Historically, when banks disputed which party should be responsible for the liability arising from an unauthorized check, the risks were split in two. The paying bank (the bank that would pay on a check associated with an account it held) was responsible for forged checks; it would have a signature specimen from its customers, and be able to examine the signature of a presented check against the specimen signature; it would also know if the entire check was forged, since it was the bank’s check. If the signatures didn’t match, or the check wasn’t an original check from the paying bank, yet the paying bank paid and there was a subsequent loss by the customer, the paying bank would be responsible for that loss, because it was in the best place to detect the forgery.
The depositary bank (the bank holding the account where check funds would be deposited) was responsible for altered checks; it was deemed to be in the best place to determine whether, for example, the amount of the check had been changed from $100 to $10,000. This division of risk is old, originally established in 18th Century English law (in the case of Price v. Neal, 97 Eng. Rep. 871 (1762)), and enshrined in the U.S. under UCC Articles 3-407 and 3-417. It also assumes the presentment and receipt of paper checks.
Virtually all checks presented in 2018 within the US are not presented in paper form. Instead, an image of the check is taken, the original check is destroyed, and the depositary bank presents this check image (a truncated check) to the paying bank. Notwithstanding the dramatic increase in settlement speed and dramatic reduction in processing costs, electronic images of checks create a potential problem in the event of a bank dispute over whether a check has been forged or altered. The original check is destroyed, making it impossible to examine the original check to determine whether the check was altered, or whether it was a forgery. Regulation CC currently does not provide any presumptions as to whether a check is altered or forged.

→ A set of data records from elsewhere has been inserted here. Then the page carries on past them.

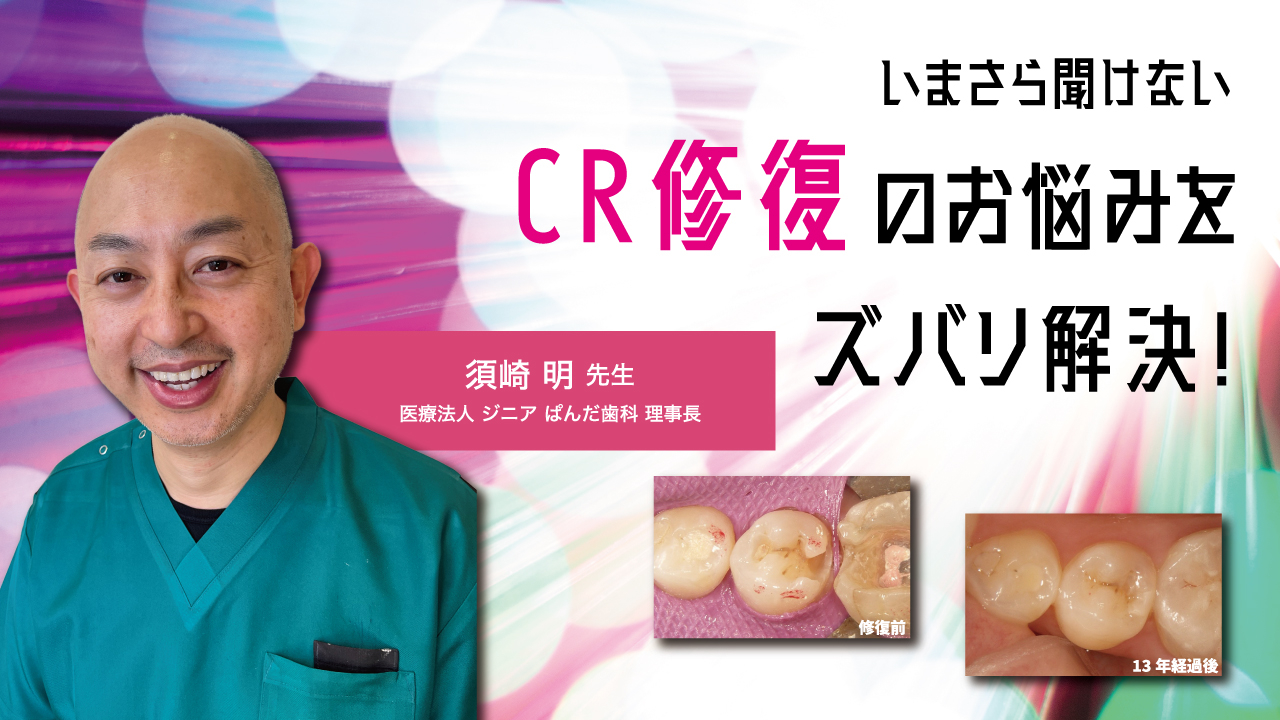 いまさら聞けないCR修復のお悩みをズバリ解決！の画像です。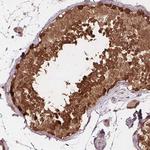 HIF1AN Antibody in Immunohistochemistry (Paraffin) (IHC (P))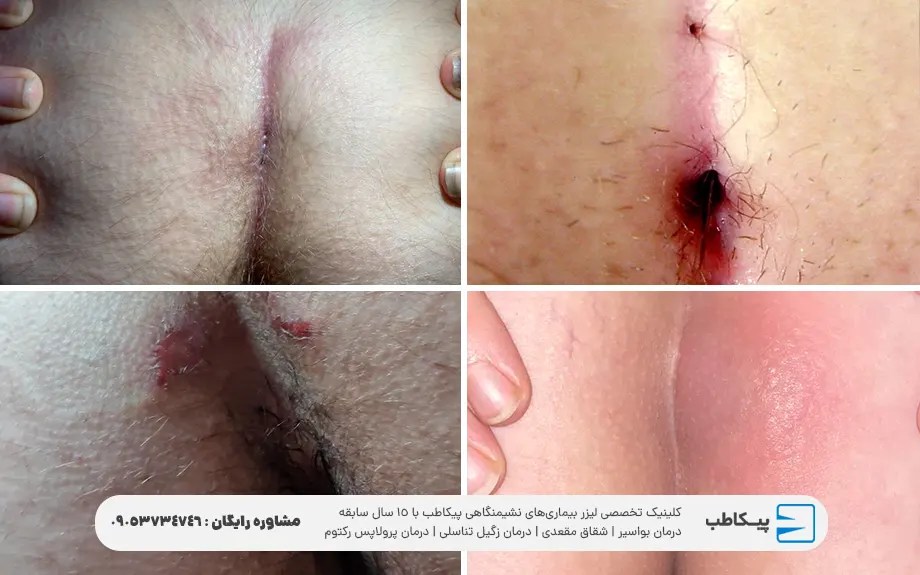 عکس عفونت کیست مویی پس از عمل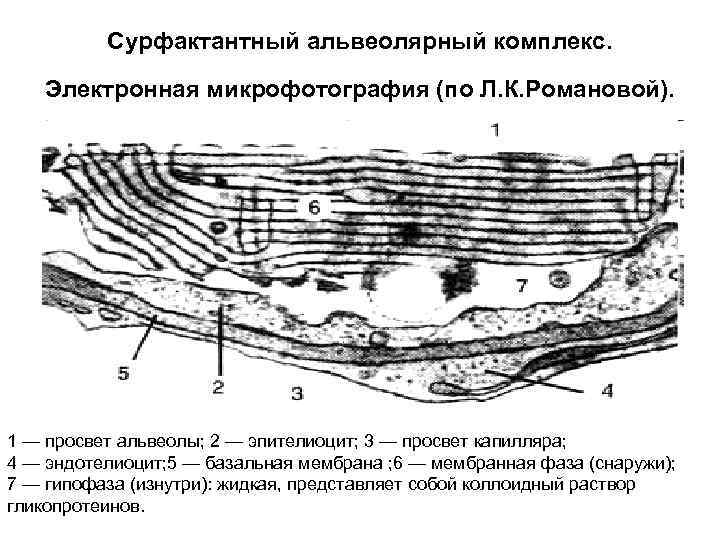 Сурфактантный альвеолярный комплекс. Электронная микрофотография (по Л. К. Романовой). 1 — просвет альвеолы; 2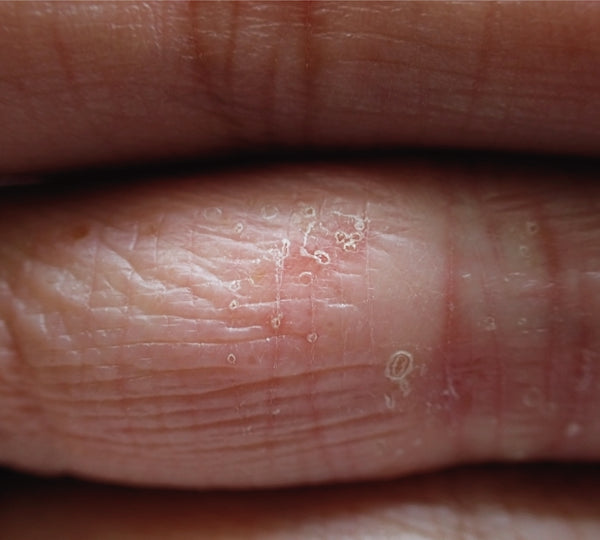 Close up of eczema on fingers
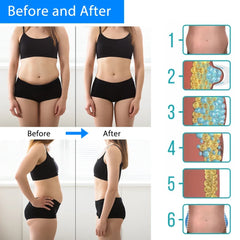 Cryotherapy Fat Freezing Slimming Machine – Anti-Cellulite Cold Therapy Massager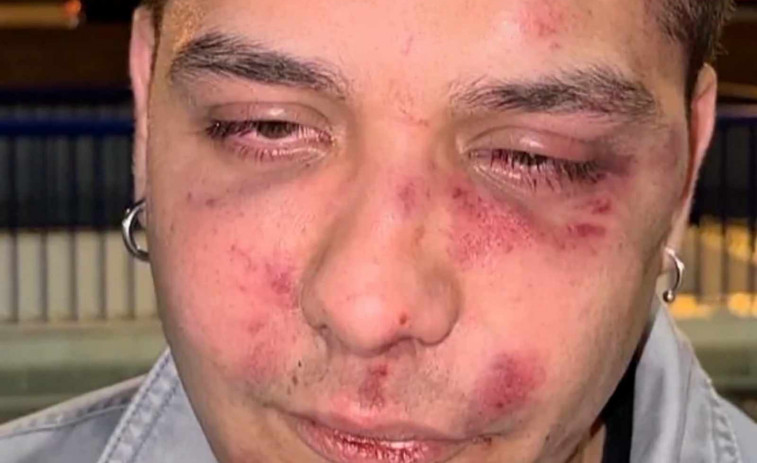 VÍDEO | Un jove denúncia que ha rebut una brutal pallissa a Màlaga: “Tu ets antifeixista, veritat?”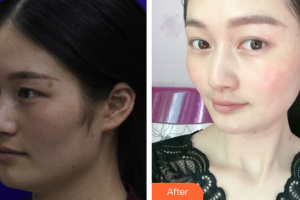 深圳百合醫(yī)療美容門診部王定芳整形價格表附祛斑祛痣案例展示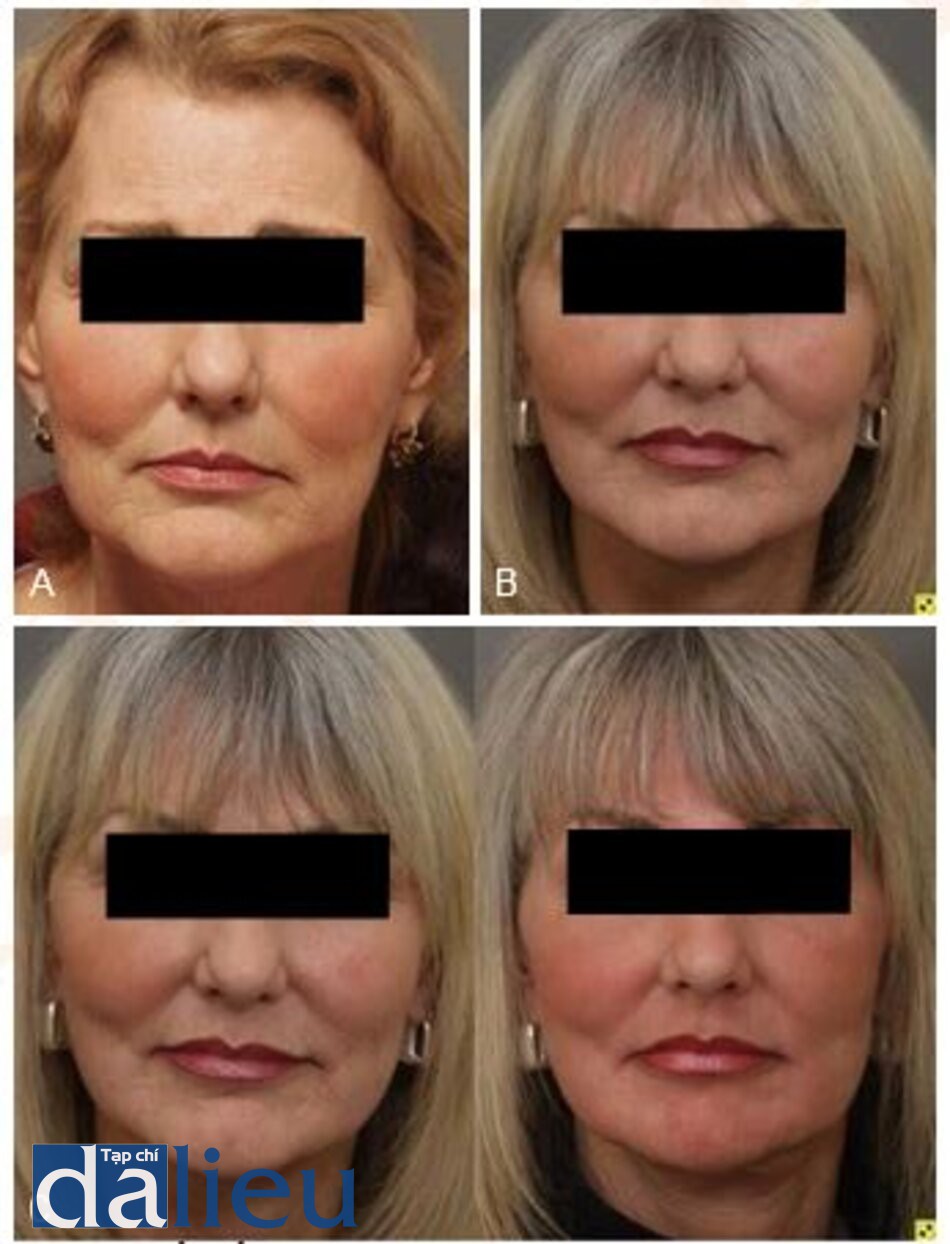 Fig.. 7.20 A, Một phụ nữ 63 tuổi thể hiện cả ba khía cạnh của quá trình lão hóa da mặt: lỏng lẻo điển hình, nhăn nhó và nhăn nheo. B, Một năm sau khi nâng cấp và chuyển giao chất béo với những cải tiến đáng chú ý về cấu trúc và khối lượng. C, Một năm rưỡi sau peel. Sự cải thiện của kết cấu và nếp nhăn là thành phần cuối cùng kết nối mọi thứ với nhau để tạo ra một kết quả toàn diện.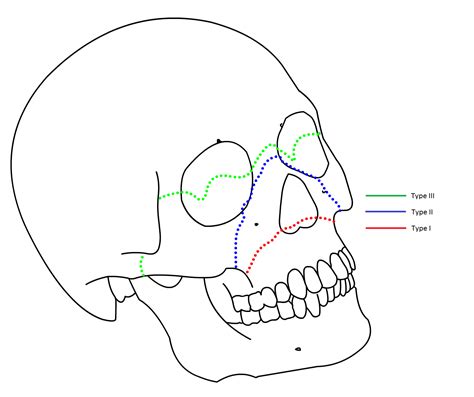 Fracture Occlusofaciale De Le Fort Medg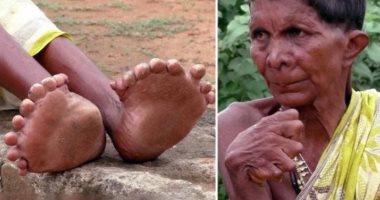 مسنة هندية تدخل موسوعة جينيس بـ31 إصبعا فى يديها وقدميها.. صور
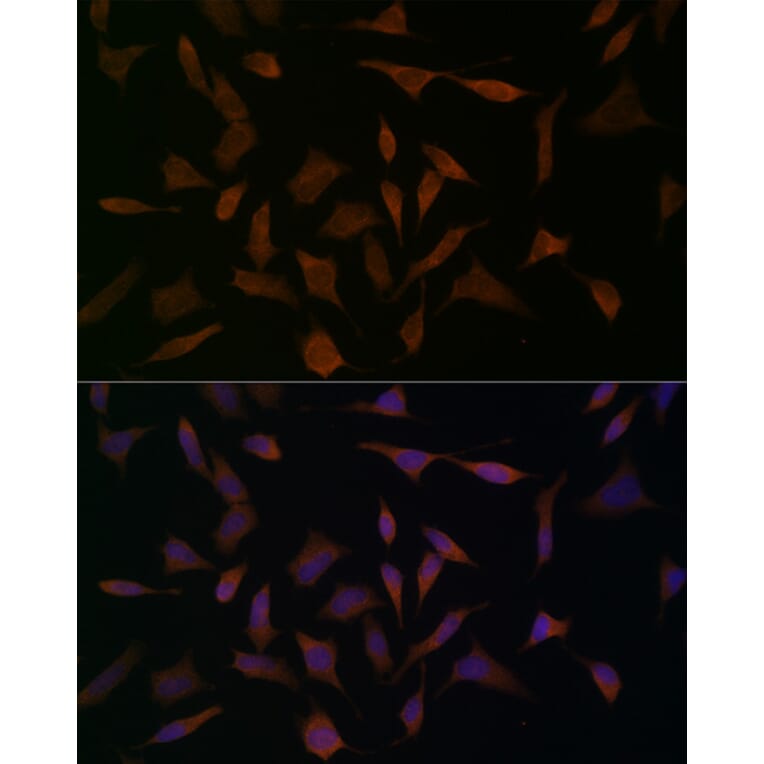 Immunofluorescence - Anti-BCAT1 Antibody (A91668) - Antibodies.com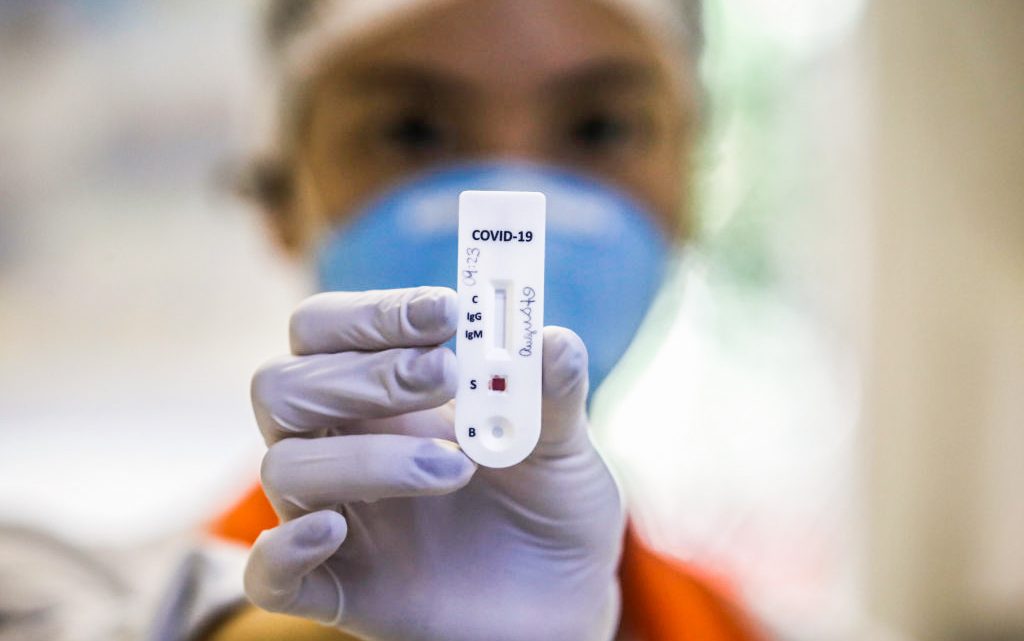 Pernambuco confirma 486 novos casos de covid-19 e 24 novas mortes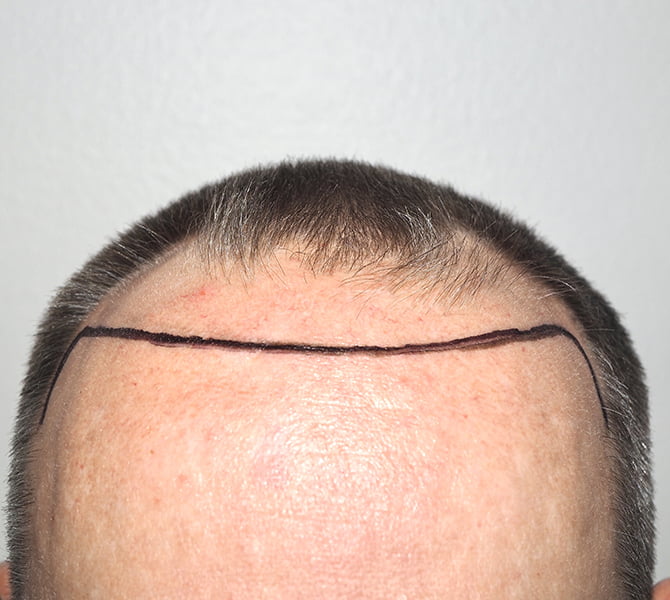 The Hair Transplant Center New Jersey FUE, FUT & More Hair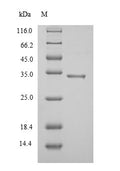 Recombinant Mycobacterium tuberculosis Diacylglycerol acyltransferase/mycolyltransferase Ag85A (fbpA), partial – Figure 1 of 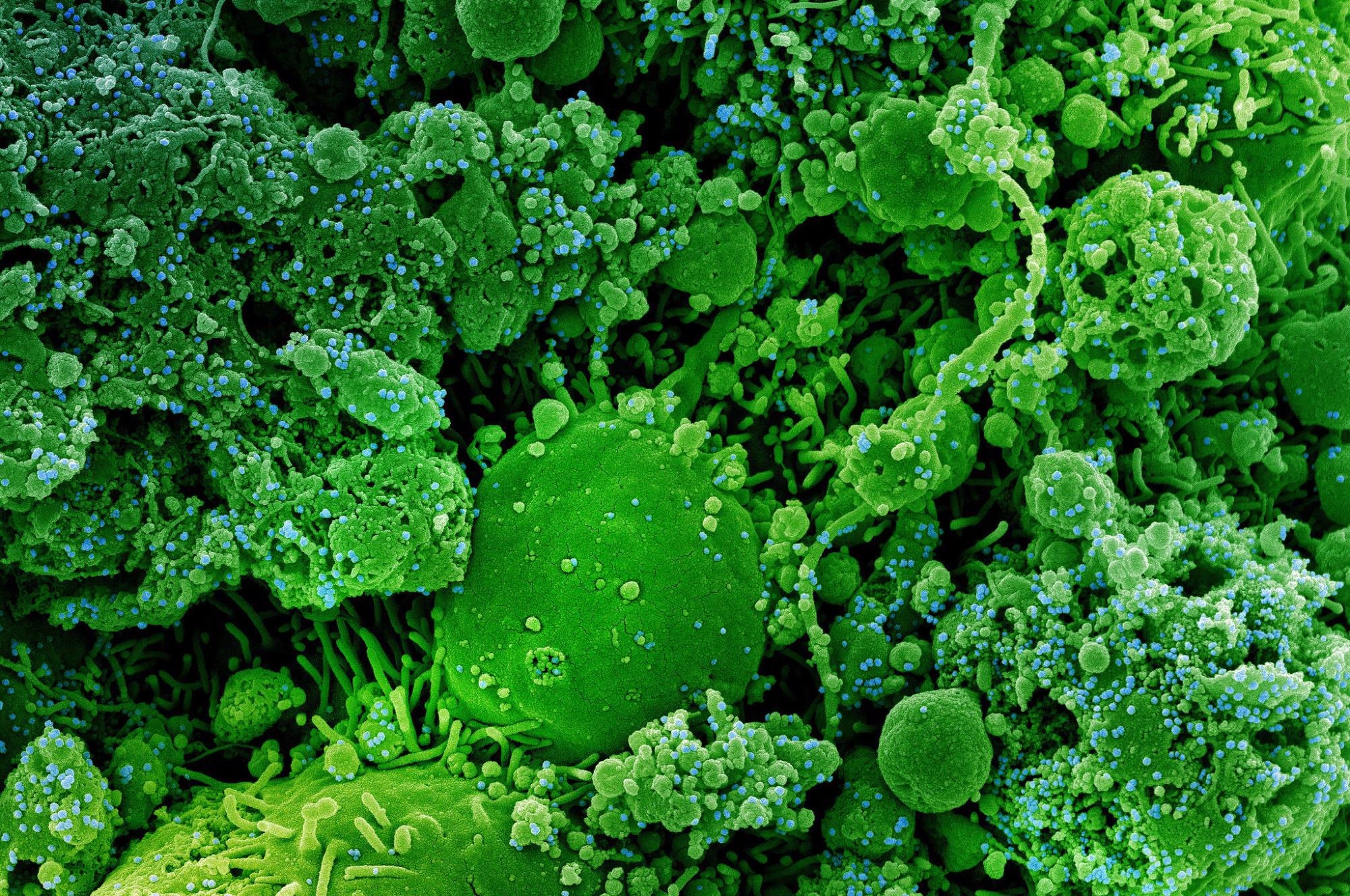 Study: Time-Varying Mortality Risk Suggests Increased Impact of Thrombosis in Hospitalized Covid-19 Patients Image Credit: NIAID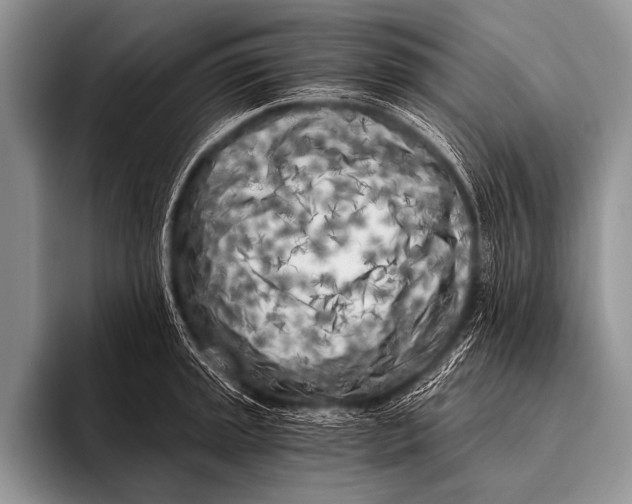 X0000096181045200802081455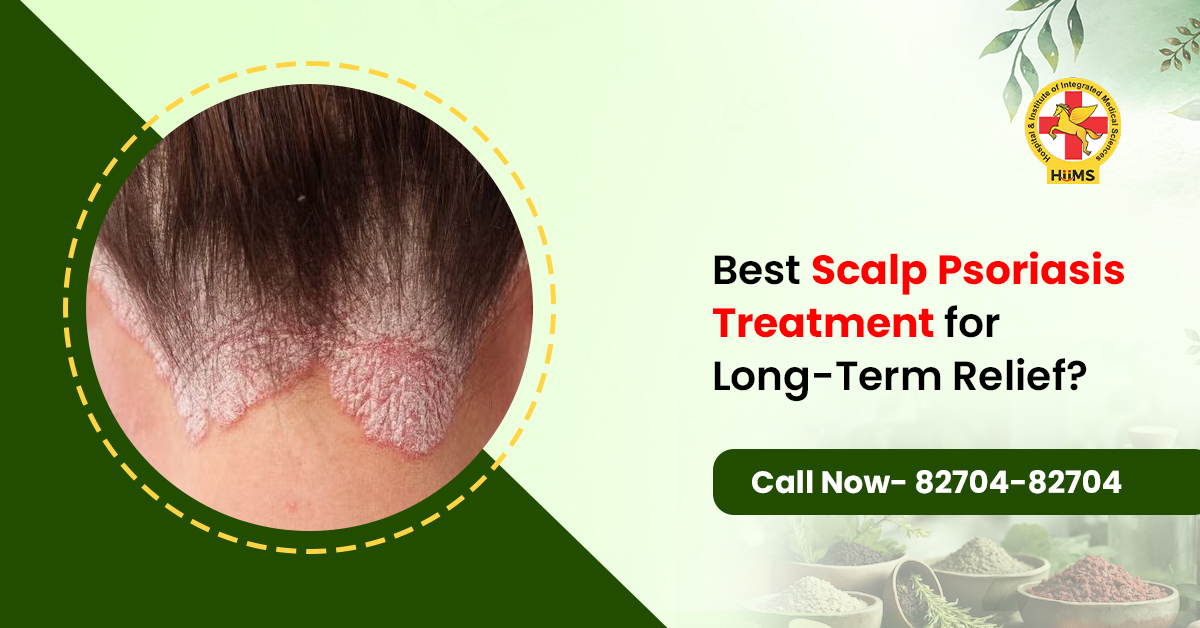 Best Scalp Psoriasis Treatment for Long-Term Relief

The new amendment provides this guidance, adding a new presumption of liability for substitute and electronic checks. If there is a dispute between the paying bank and the depositary bank as to whether a substitute or electronic check is an altered or a forgery (now described as “derived from an original check that was issued with an unauthorized signature of the drawer”), the presumption is that the substitute/electronic check contains an alteration. This generally shifts liability on fraudulent checks to depositary banks; this presumption may be overcome if a preponderance of the evidence proves the substitute or electronic check does not contain an alternation, or that it was a forgery. The presumption does not apply if there is an original check to examine.
It’s a reasonable allocation of risk; the depositary bank is receiving, imaging and destroying the check, and then presenting the image to the paying bank. If there is a later dispute over the fraudulent nature of the check, then the party that destroyed the original check, and was in the best place to preserve the check as evidence, should bear the risk associated with evidentiary questions.
The amendment goes into effect January 1, 2019.